What do you need more patience in regards to?
Just in anything. Timing—I want things when I want them. If it were up to me, I'd have five Oscars and be sitting on $50 billion [laughs].
Oh, just little goals like that. OK, so where would you like to be in five years?
Five years—alive, healthy, well. You know, would have hosted Saturday Night Live five times. Won a few Tony Awards and maybe ending up being the owner of an NFL team [laughs]. Lofty goals.
What's the best piece of advice you've ever received and who did it come from?
Boy—I would say my acting coach Anna Maria Franzella, who's no longer with us. She always told me to always tell the truth. Always tell the truth in everything that I do, whether it be a speaking engagement, whether it be having a conversation with my son. It comes from a truthful, honest place and that will always take care of itself.
In A Football Life, you said one of the things that you struggled with as you were making your transition from your NFL career was this question of, “Who am I?” What have you discovered? Who are you?

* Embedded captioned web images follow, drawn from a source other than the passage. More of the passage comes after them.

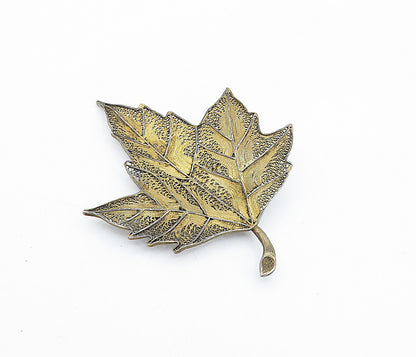 PORTUGAL 925 Sterling Silver  Vintage Filigree Autumn Leaf Brooch Pin  BP1363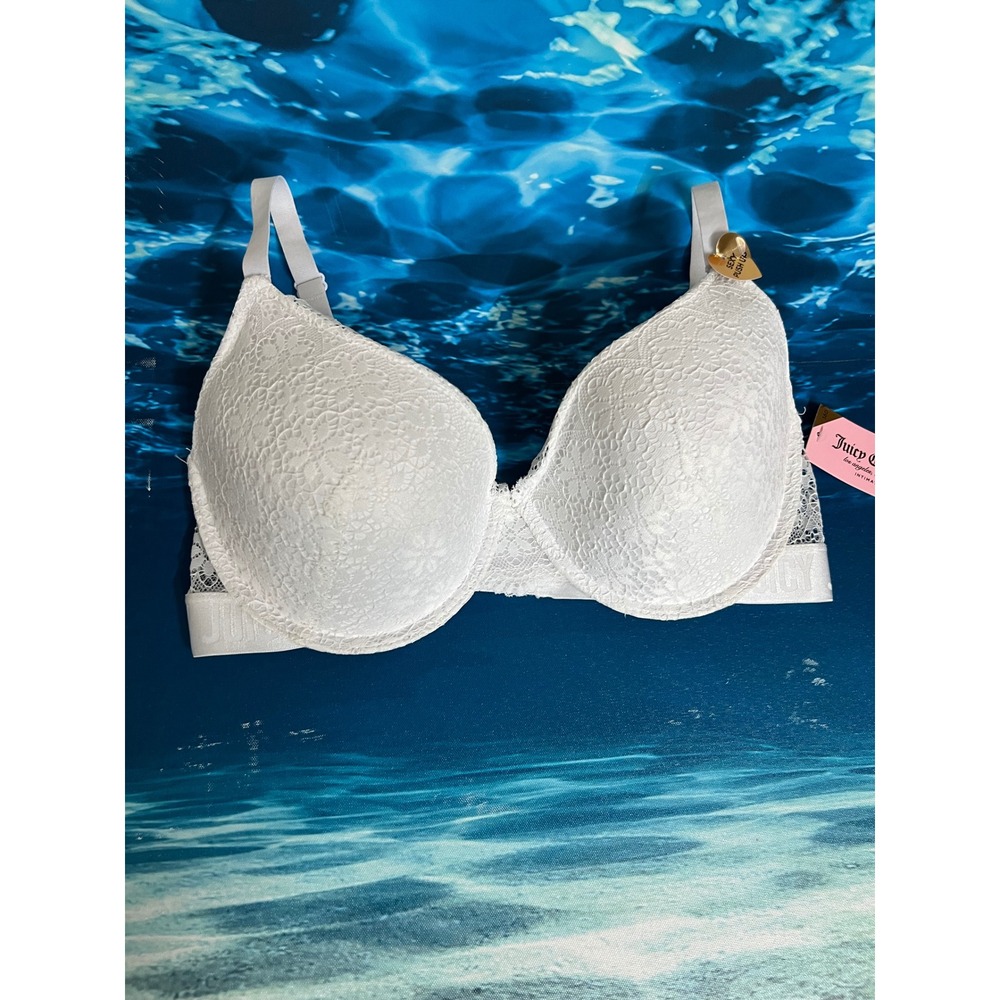 Juicy Couture White Lace Push Up Bra Logo Band Size 36D NWT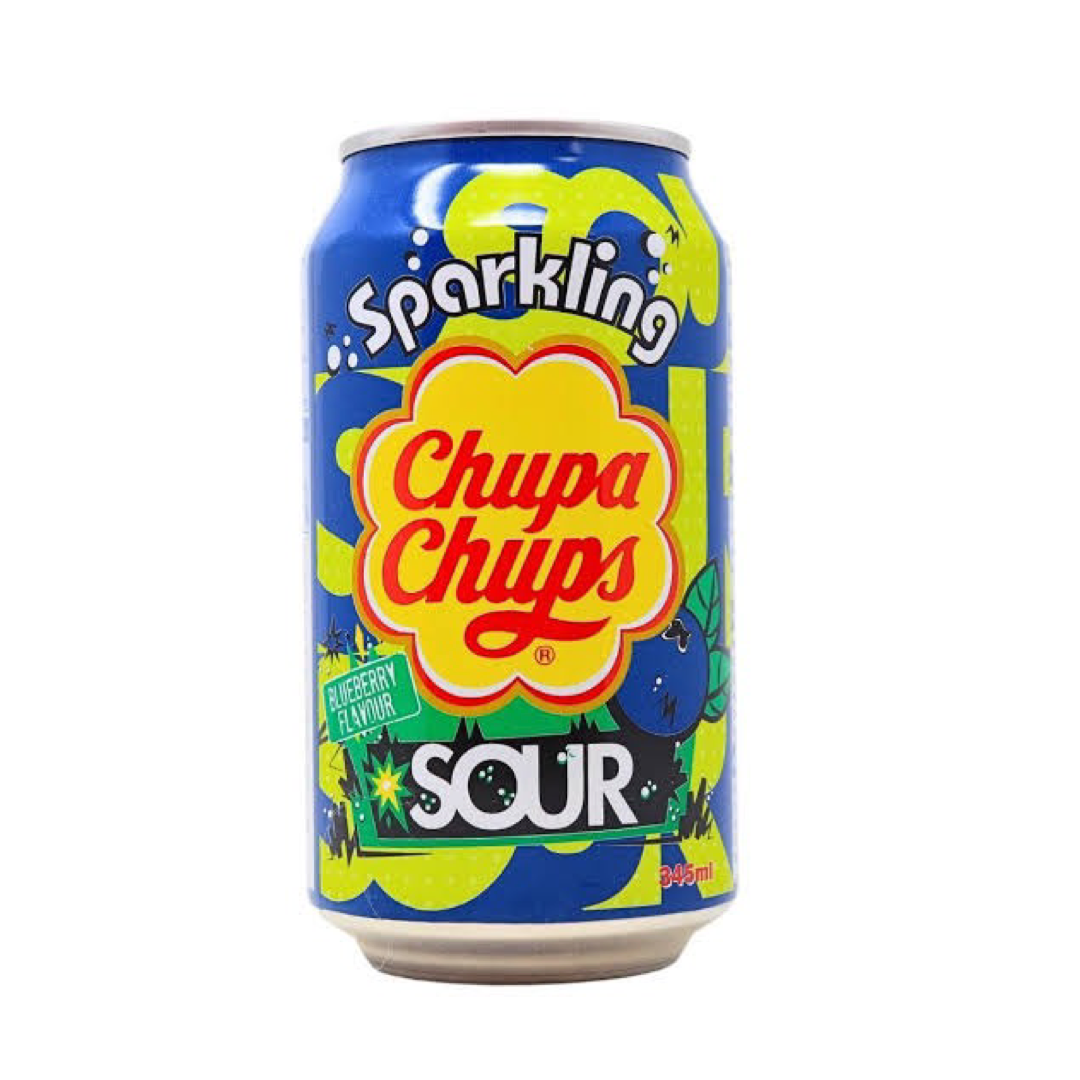 CHUPA CHUPS Sparkling SOUR Blueberry Flavour 345ml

A man constantly evolving. I never stop. I'm always looking to challenge myself. I'm always looking to grow, building a career, now in entertainment and as an entrepreneur in wealth management. I'm never going to be defined as one thing. It's not going to be a football player, it's not going to be an actor; it's going to be a man who constantly pursues greatness in terms of reminding myself of the things that resonate with me at that particular moment. So 40 years from now, it could be something different that I evolve into.